Give the data again in full, without pictures.

┄┄┄┄┄┄┄┄┄┄

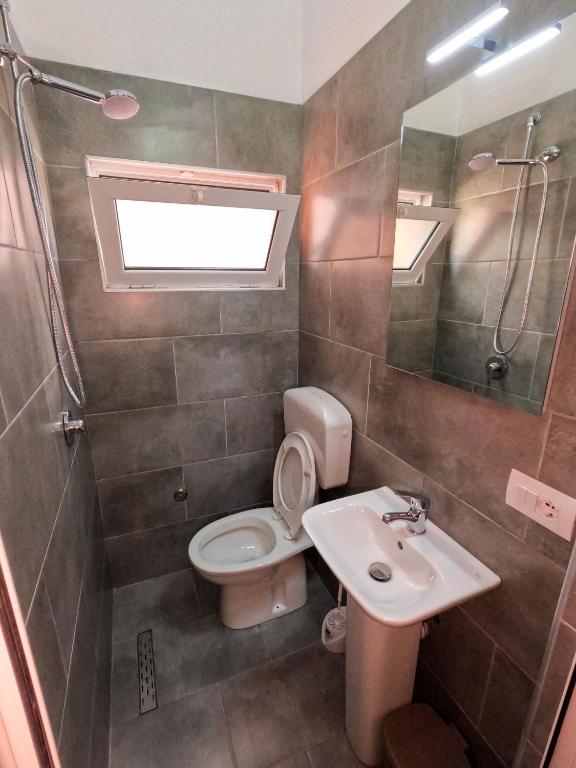 a bathroom with a toilet and a sink and a shower at InTown Guesthouse Shkoder in Shkodër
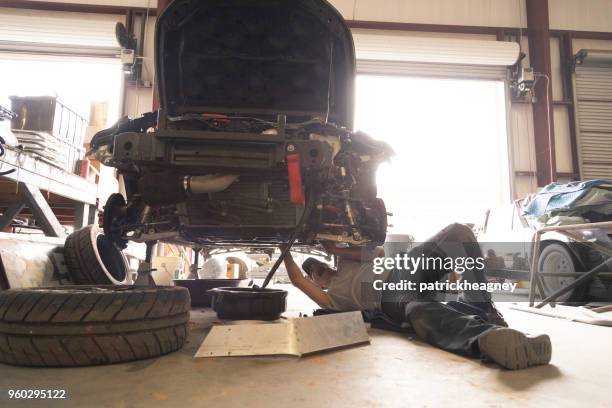 auto repair garage with mechanic - disassembling stock pictures, royalty-free photos & images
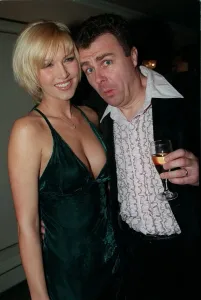 Paul Ross TV Presenter April 98 At Planet Hollwood with his arm round model Emma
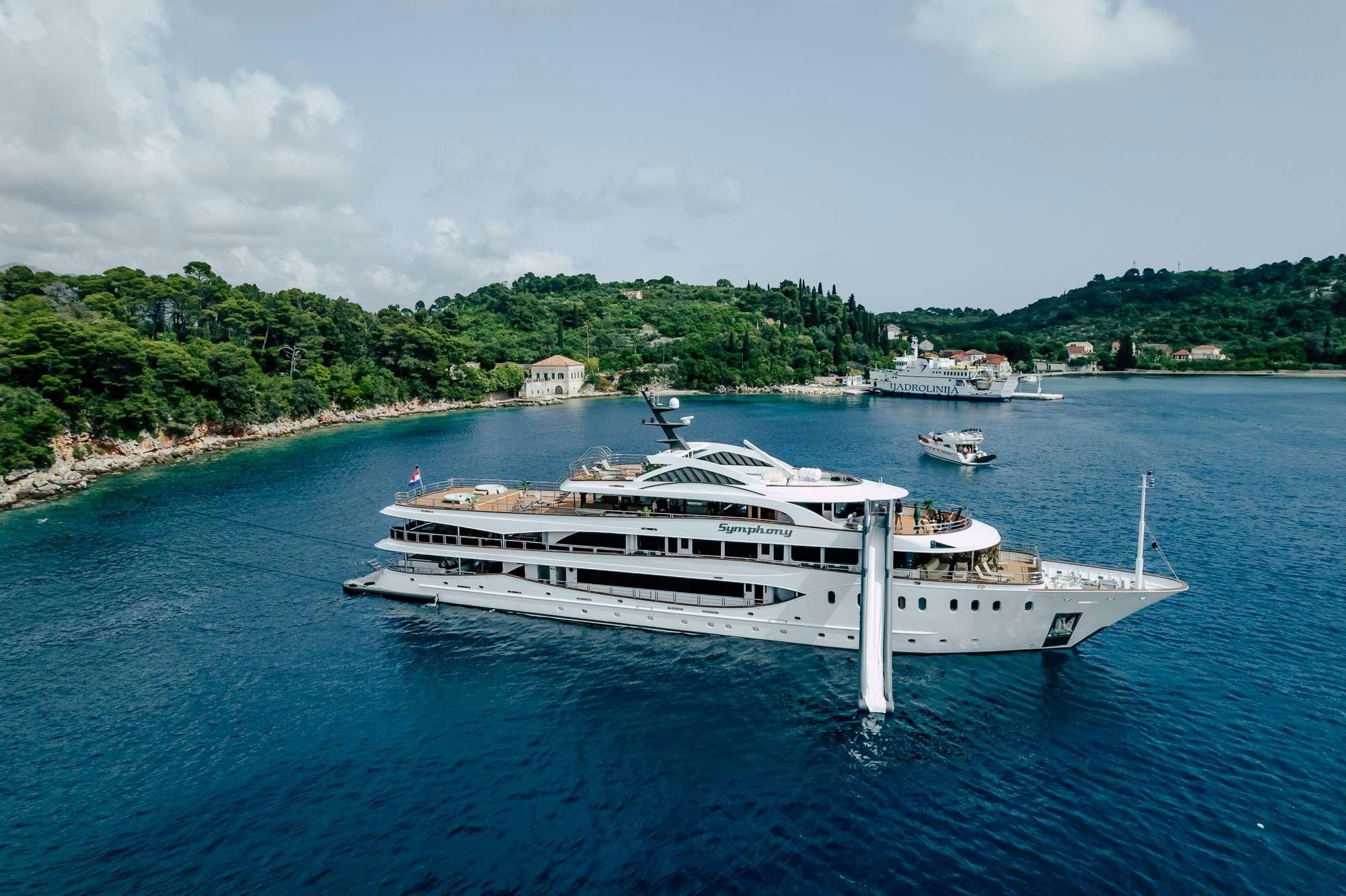 a large white boat in the water aboard SYMPHONY Yacht for Charter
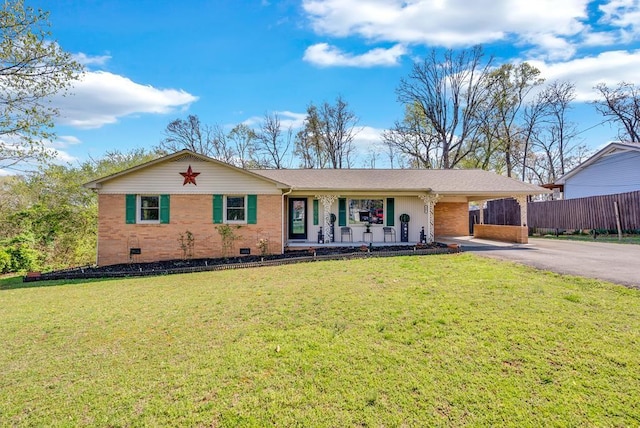single story home featuring a carport, driveway, a front yard, and brick siding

┄┄┄┄┄┄┄┄┄┄

#### Solution to the exercise:
 a bathroom with a toilet and a sink and a shower at InTown Guesthouse Shkoder in Shkodër
 auto repair garage with mechanic - disassembling stock pictures, royalty-free photos & images
 Paul Ross TV Presenter April 98 At Planet Hollwood with his arm round model Emma
 a large white boat in the water aboard SYMPHONY Yacht for Charter
single story home featuring a carport, driveway, a front yard, and brick siding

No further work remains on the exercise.